**WHAT YOU SHOULD DO**
For this exercise, reproduce the entries below exactly, but only from the line containing "Steeldive SD1903S pilot" through the line containing "Kobbie Mainoo of", both included.

----

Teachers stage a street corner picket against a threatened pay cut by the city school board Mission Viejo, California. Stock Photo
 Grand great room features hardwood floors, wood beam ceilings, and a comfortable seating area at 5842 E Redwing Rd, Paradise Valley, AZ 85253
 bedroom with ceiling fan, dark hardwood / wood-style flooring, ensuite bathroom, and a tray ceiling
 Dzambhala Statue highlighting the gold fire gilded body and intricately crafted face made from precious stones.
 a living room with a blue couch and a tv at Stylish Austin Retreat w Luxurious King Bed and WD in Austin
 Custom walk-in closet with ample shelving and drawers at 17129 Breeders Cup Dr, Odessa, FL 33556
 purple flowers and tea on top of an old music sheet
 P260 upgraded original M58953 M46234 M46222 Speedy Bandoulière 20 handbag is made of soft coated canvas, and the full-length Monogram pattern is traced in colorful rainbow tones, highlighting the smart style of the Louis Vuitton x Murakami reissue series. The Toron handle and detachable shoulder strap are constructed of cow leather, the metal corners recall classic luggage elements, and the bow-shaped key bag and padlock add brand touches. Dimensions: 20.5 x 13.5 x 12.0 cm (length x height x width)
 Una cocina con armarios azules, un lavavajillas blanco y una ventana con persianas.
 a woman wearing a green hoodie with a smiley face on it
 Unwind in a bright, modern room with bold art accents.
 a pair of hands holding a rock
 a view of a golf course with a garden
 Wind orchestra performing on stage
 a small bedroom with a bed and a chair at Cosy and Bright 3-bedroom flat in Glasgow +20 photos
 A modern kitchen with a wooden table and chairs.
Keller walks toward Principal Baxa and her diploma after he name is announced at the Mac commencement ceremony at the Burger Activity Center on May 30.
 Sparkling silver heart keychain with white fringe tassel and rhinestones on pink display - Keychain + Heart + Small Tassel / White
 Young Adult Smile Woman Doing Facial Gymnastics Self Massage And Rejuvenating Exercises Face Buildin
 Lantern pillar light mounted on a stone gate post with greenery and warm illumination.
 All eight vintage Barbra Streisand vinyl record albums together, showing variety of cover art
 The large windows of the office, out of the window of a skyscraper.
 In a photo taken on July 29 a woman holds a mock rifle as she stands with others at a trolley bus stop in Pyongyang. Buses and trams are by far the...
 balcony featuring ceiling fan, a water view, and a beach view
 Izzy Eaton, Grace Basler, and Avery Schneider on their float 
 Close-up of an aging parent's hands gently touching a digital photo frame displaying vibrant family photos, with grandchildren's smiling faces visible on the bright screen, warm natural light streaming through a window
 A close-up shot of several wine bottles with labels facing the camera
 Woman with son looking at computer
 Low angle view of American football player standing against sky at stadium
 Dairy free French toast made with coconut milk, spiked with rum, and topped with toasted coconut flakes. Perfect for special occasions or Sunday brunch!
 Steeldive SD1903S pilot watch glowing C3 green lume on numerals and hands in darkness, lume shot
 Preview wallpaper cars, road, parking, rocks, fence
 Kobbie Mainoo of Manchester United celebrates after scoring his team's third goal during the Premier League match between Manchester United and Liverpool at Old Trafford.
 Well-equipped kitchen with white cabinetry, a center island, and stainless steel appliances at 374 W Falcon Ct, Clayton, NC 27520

----

**ANSWER BOX**
 Steeldive SD1903S pilot watch glowing C3 green lume on numerals and hands in darkness, lume shot
 Preview wallpaper cars, road, parking, rocks, fence
 Kobbie Mainoo of Manchester United celebrates after scoring his team's third goal during the Premier League match between Manchester United and Liverpool at Old Trafford.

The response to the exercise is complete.